Und dass sein Mitarbeiter Pot d’or auch schon vier Löschdecken für die vier weiteren Häuschen gekauft haben soll, führt Reetz auf dessen guten Willen zurück: „Er war so nett und hat die besorgt.“ In genau passender Stückzahl.

Seit 17 Jahren arbeitet Jonas Pot d’or als Streetworker in Bremen. Die Zukunft seiner Stelle war seitdem jedoch immer wieder ungewiss. Jährlich musste die Innere Mission neue Zuschüsse bei der Stadt Bremen beantragen. Anfang August sagte Gesundheitssenatorin Eva Quante-Brandt (SPD) zu, die Arbeit des Streetworkers dauerhaft zu finanzieren.
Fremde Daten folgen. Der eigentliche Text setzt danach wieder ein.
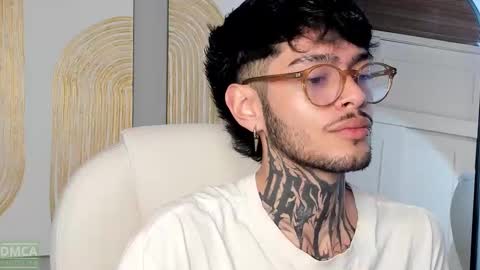 Snapshot of mihailleroy chatting on 02/14/25, 04:58 MIHAIL LEROY finally independent model online show from 02/14/25, 04:58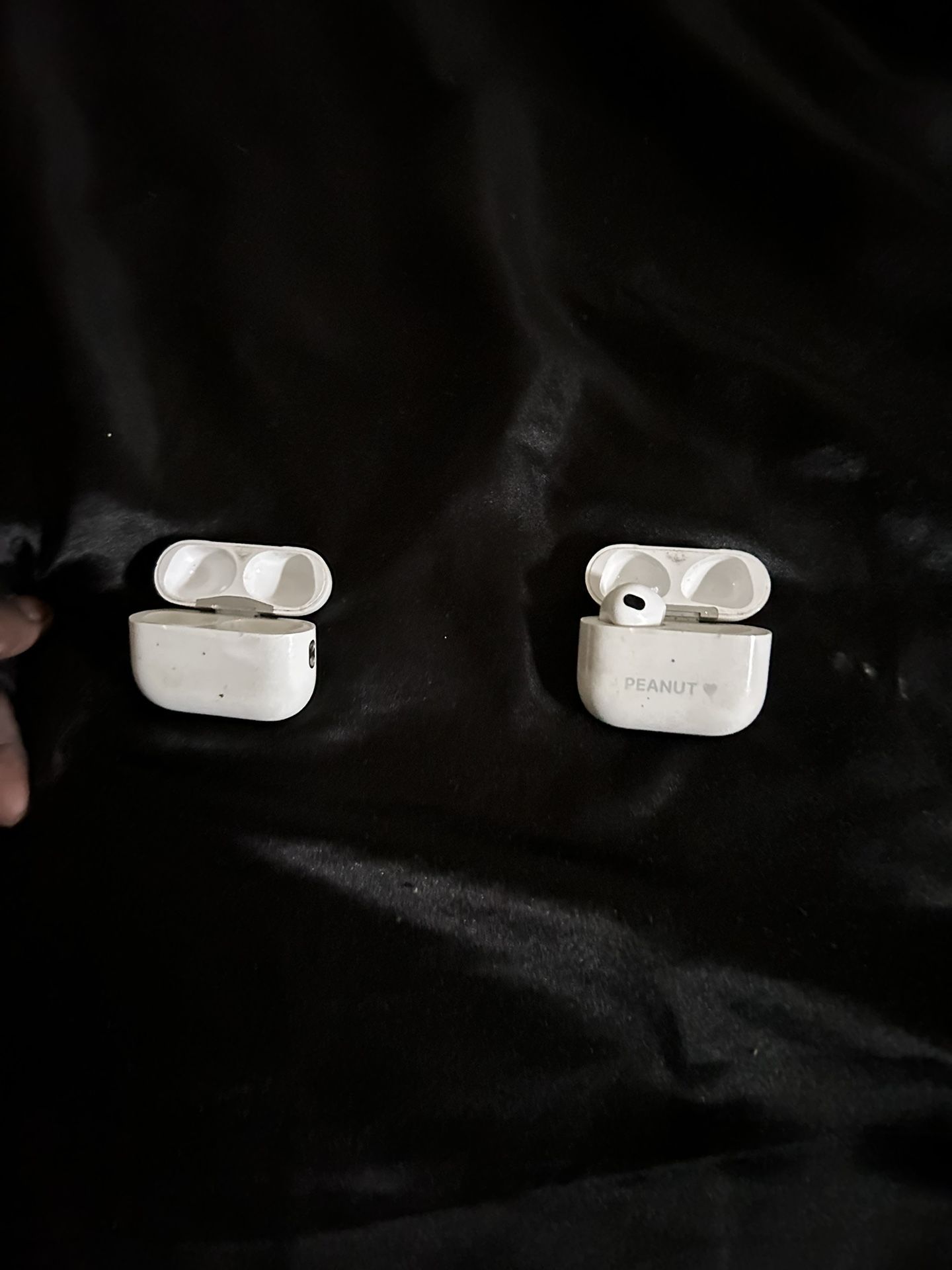 airpods gen2 & airpods pro 2 cases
Nur wenige Tage zuvor fand eine Protestaktion auf dem Bremer Marktplatz für mehr bezahlbaren Wohnraum statt – organisiert vom Bündnis „Menschenrecht auf Wohnen“, an dem die Wohnungslosenhilfe der Inneren Mission mitwirkt. Neben Reetz und Pot d’or stellte auch Alexandra Bremer die zwei bis dahin fertigen Häuschen aus. Ihr Kunstprojekt sollte auf die Not von Obdachlosen hinweisen. „Es ging einzig und allein um die Rettung der Stelle von Jonas Pot d’or“, ist sich Bremer sicher. Zurückgegeben worden ist ihr das unbezahlte Häuschen nicht.